I remember being that new wanna-be writer who just needed a few words of encouragement. The closet writer who could barely stand to read before a group. And I've seen a good writer become an outstanding writer because in the early stages of his work a teacher saw his potential and gave positive feedback before she pointed out the errors and mistakes he must correct..

In critique groups that succeed for years and years, the writer is first praised for the good things in his story, and then shown how he could inprove the rest.

I recently met a writer, Barbara Lawing. She has a novel coming out and I hope she has much success with it. Barbara critiqued an article for me about ten years ago. She was a beginning editor and I had recently begun submitting my work. I got my money's worth of critique from Barbara, but she used her red pen so heavily, so drastically, that I felt overwhelmed when I saw my manuscript. My immediate thought was, "this is a piece of crap and I can never make it good enough."
I put the article away and I've never looked at it again.

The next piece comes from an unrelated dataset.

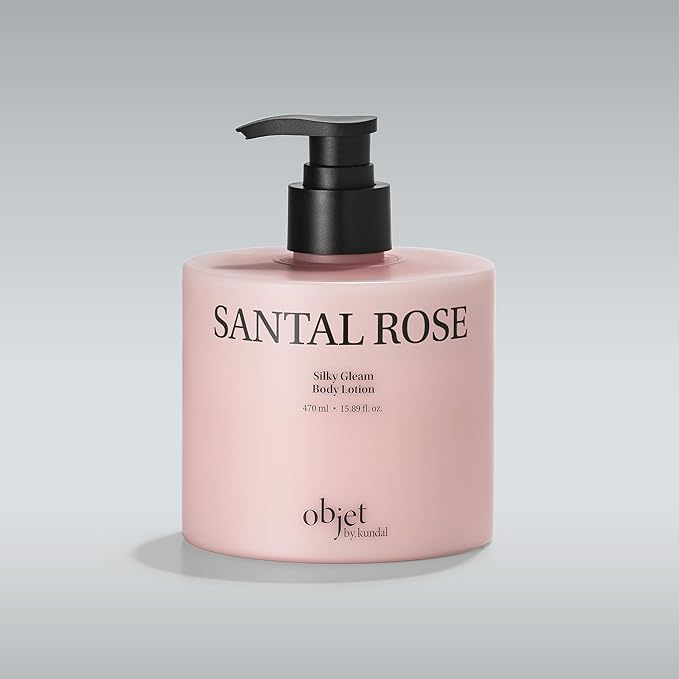 Objet Silky Gleam Body Lotion – Botanical Plant Oils & Butters with Niacinamide and Vitamin C&E – Deep Barrier Hydration, 24H Glow and Smooth Firm Skin – Premium Korean Body Care, Santal Rose (450ml)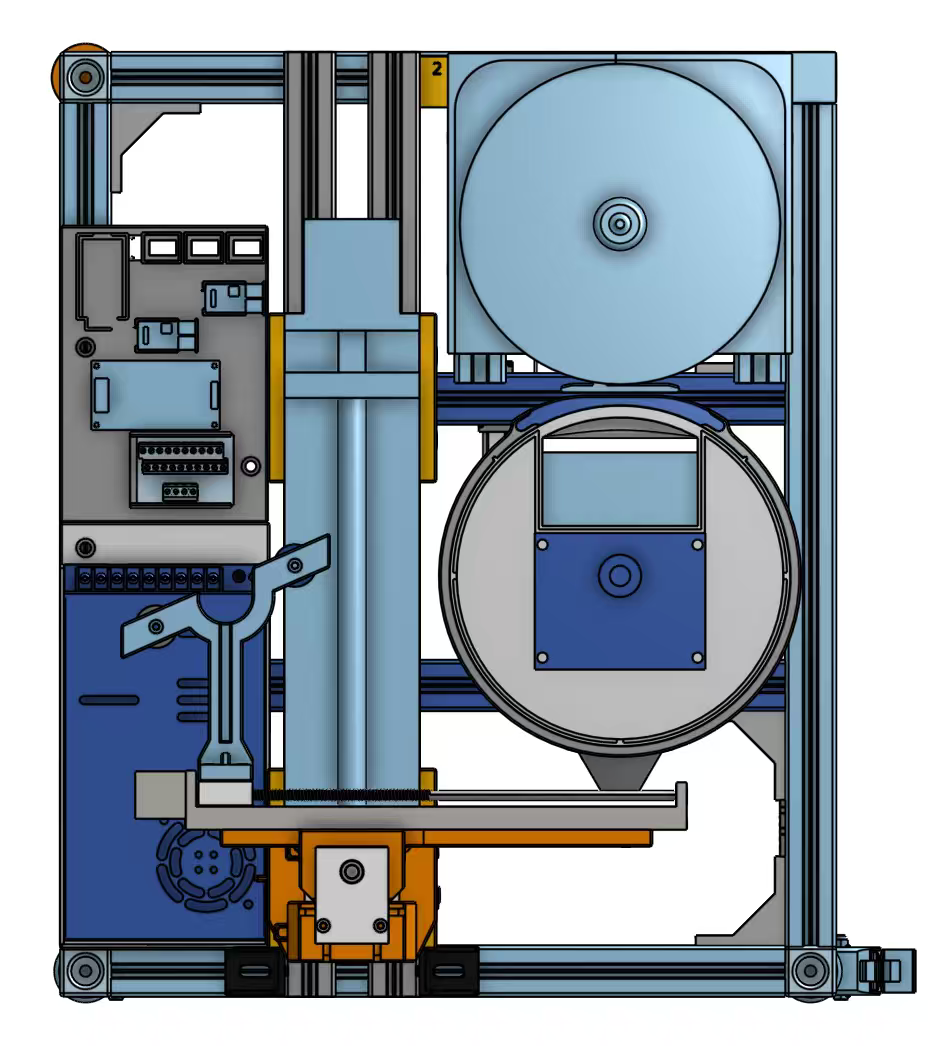 Top Onshape view of the redesigned cutting machine showing the blade-handling gantry, processor, electronics, and frame layout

I told Barbara about this when I met her, and she was apologetic. "I was new at this business," she said. "I learned not to do that sort of thing."
And then she gave me her business card and invited me to take some classes with her.

Whether a writer is a best selling author or has published short stories only, this tells me nothing about him as a teacher. I took a class with a poet who is considered one of the best, but if I had taken to heart his criticism of my work, I'd not likely have a published chapbook now.

Sadly, some writers teach just to sell their books. Some use the classroom as a place to build their ego.

Have you taken a class with a known writer and been disappointed in the way he taught? Have you taken a class with a highly touted poet or writer only to be disappointed when she seemed to care very little about you as a student? Let me know your thoughts on this.